Adrienne
Owen had a little bit of money with him, so we were able to grab a night at a shitty motel off the highway about 50 miles down the road. He said that we can find a bank and a gas station and figure out a more solid plan tomorrow.
I was exhausted before we got back to the house, now I feel flat out delirious. Laying in my bed for the evening, the sheets around me feel like sandpaper. It’s awful. I look at the surroundings in the room and wish like hell that I was back in my room in my treehouse that Marshall built for me. For us. Tears begin forming again, spilling from the corners of my eyes. As hard as I try to keep my sniffling quiet, I can’t.
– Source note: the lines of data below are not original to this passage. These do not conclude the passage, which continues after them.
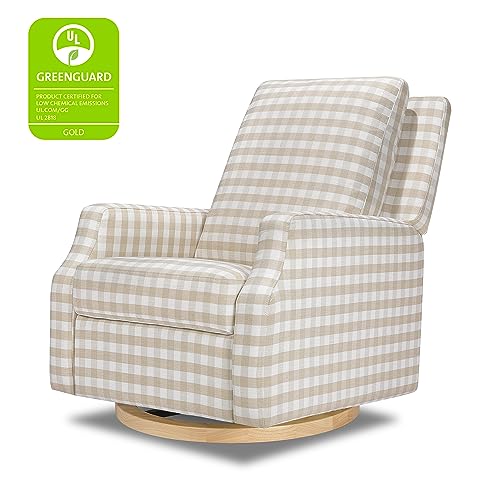 Namesake Crewe Glider Recliner Nursery Chair - GREENGUARD Gold & Certi-PUR US Certified, Ultra Cozy 360° Swivel Rocker Recliner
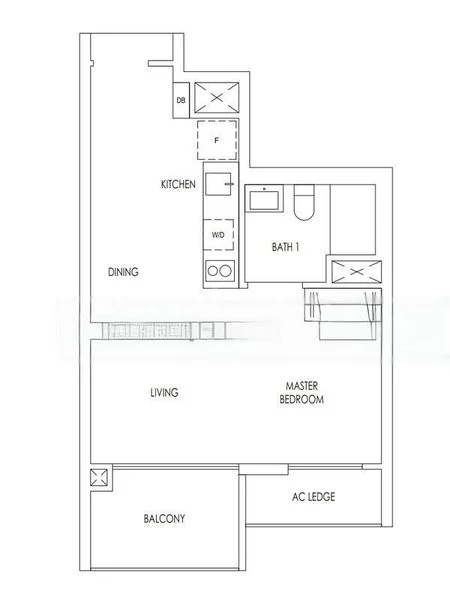 1 Bed Condo for Rent in  Treasure at Tampines - Image 5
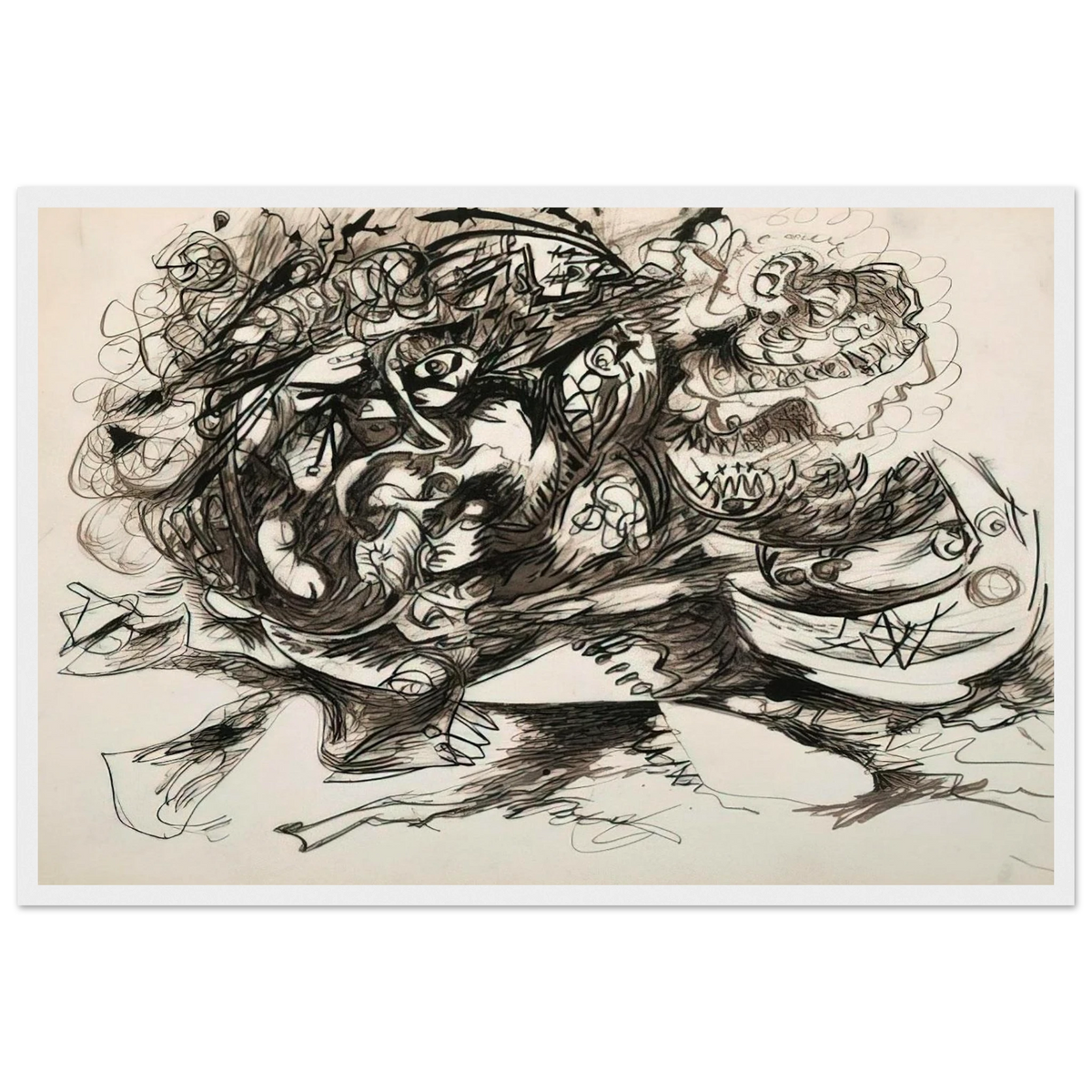 UNTITLED O CONNOR THAW 771 Framed Poster | Jackson Pollock Framed Prints Wall Art | Jackson Pollock Store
“Adrienne?” Owen asks from the double bed next to mine.
“I’m fine, Owen. Please just leave me alone,” I cry.
He does. Before long, I hear the sound of deep breathing coming from his side of the room.
What if I overreacted tonight? What if I didn’t? What if Marshall is telling the truth? What if he isn’t? I don’t know what to think. My mind is racing a mile a minute. I can’t figure out where one thought ends and another begins. For hours, I lay there thinking about nothing and everything. At some point, my mind finally surrendered to the darkness and I fall asleep.
* * *
The sound of Owen stirring forces me to break free from the shallow slumber that I’ve been in the majority of the night. I have my back to him, but I hear him yawn and stretch. I hear the bed groan underneath him with each move. The sound of a zipper being pulled one way and then another across its track can be heard just before his footsteps alert me that he is headed my way. He walks past my bed and into the awful, mint green bathroom. I hear the sound of him relieving himself followed by the familiar pattern of water beating down onto the fiberglass surface of the bathtub.
His presence makes me think about the events of last night all over again. It’s not fair for me to be mad at him. He didn’t do anything, he was just the messenger. But I can’t help it, something feels off. Something about this whole situation rubs me the wrong way. Before I have a chance to evaluate my feelings further, sleep pulls me under once more.
“Adrienne? It’s almost noon. Why don’t you get up and we can go get something to eat?”
I turn over so I am facing him.
“I’m not hungry,” I answer.
“How about some coffee? I have to go find a gas station and an ATM. I can stop in at the motel diner and grab you some to go.”
“Yeah, okay.” I answer.
“I won’t be gone long. There has to be a gas station with an ATM close by. I’ll lock the door behind me, okay?”
I nod. My mind is telling me that I should get up. Maybe take a shower. My body is telling me that there is no way that’s happening. My muscles feel weighed down, like there is steel in my veins.
* * *
“Hey, I’m back.” I feel someone shaking me gently as the glorious smell of coffee assaults my senses. I roll over onto my back and stare at the ceiling. Owen is sitting in a chair next to my bed and it makes me flashback to when Marshall was sitting next to my bed in the hospital.
Stop that, Adrienne. I rub my eyes, trying to force the memory away.
I sit up and take my coffee from Owen.
“Thank you, Owen. I really appreciate it.” I rest my back against the headboard of the bed and take a sip and it hits the spot. The anger I felt toward him earlier this morning seems to have dissipated. I’m glad. It was stupid for me to feel any animosity toward him for what happened.
“May I?” Owen asks, pointing to the empty spot next to me.
“Sure.”
Taking his shoes off, he sits on top of the comforter and puts his arm around me. I lean my head in and rest it on his shoulder. Just like I used to do at Lock’s.
“I don’t know what to do, Owen.” I hear him swallow, but he doesn’t say anything.
“Just take it day-by-day. We’ll figure it out,” he says after a while. He moves some of my hair back behind my ear.
I want his words to comfort me. I want them to wrap me up and make me believe that everything is going to be alright.
But they don’t.
“I just don’t understand. I know that I mentioned to you before about being irritated that they would talk about me like a medical case, which I was. I would find out after the fact that they would talk about me when I wasn’t around, but at the end of the day it really didn’t bother me that much. And I never, ever would have thought that there was anything going on between them. Nothing that they did or said ever led me to think that.”